## [Assignment]
What is needed is a word-for-word copy of the listing below, without pictures.

## [Supplied data]

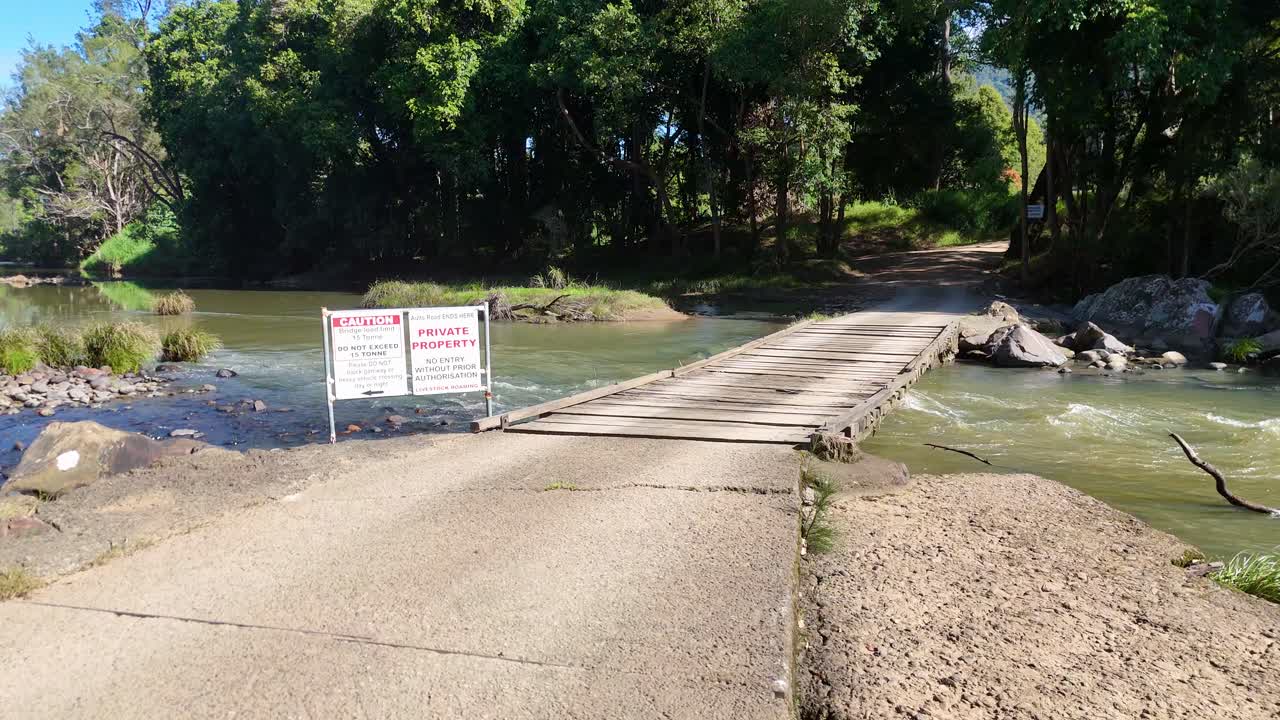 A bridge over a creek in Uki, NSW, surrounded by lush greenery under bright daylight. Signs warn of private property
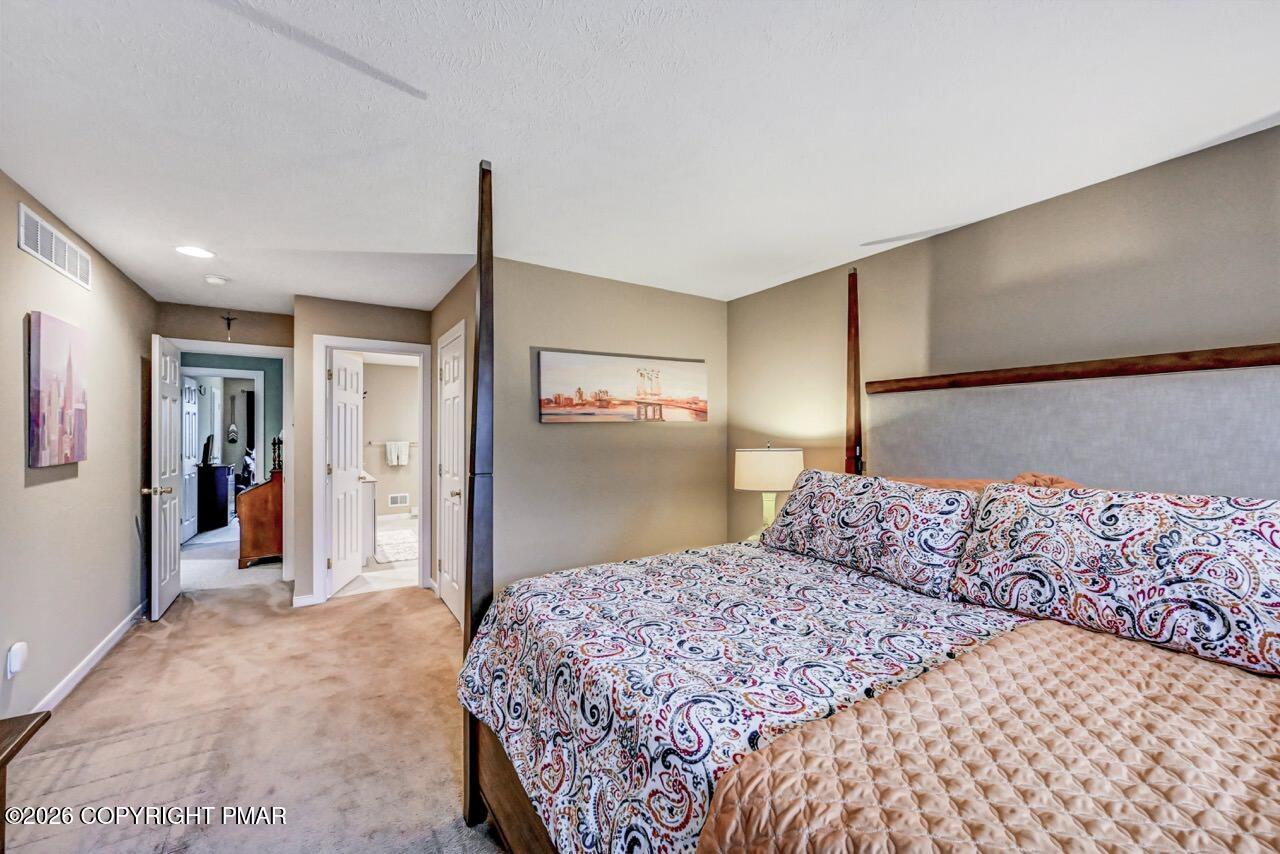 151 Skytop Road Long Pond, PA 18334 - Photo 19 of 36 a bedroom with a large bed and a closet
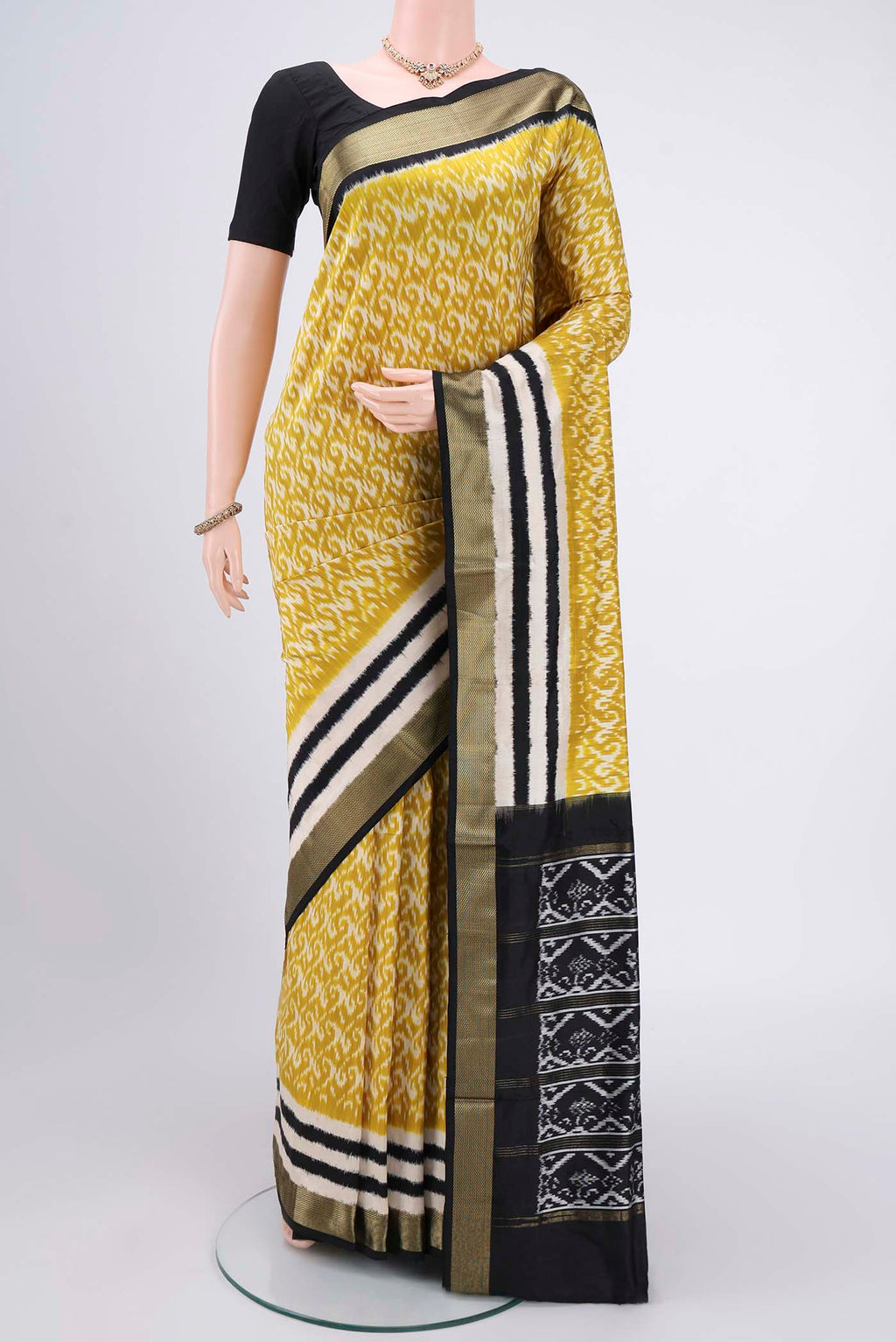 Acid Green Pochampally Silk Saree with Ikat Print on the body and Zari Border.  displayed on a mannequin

## [Response below]
 A bridge over a creek in Uki, NSW, surrounded by lush greenery under bright daylight. Signs warn of private property
 151 Skytop Road Long Pond, PA 18334 - Photo 19 of 36 a bedroom with a large bed and a closet
 Acid Green Pochampally Silk Saree with Ikat Print on the body and Zari Border.  displayed on a mannequin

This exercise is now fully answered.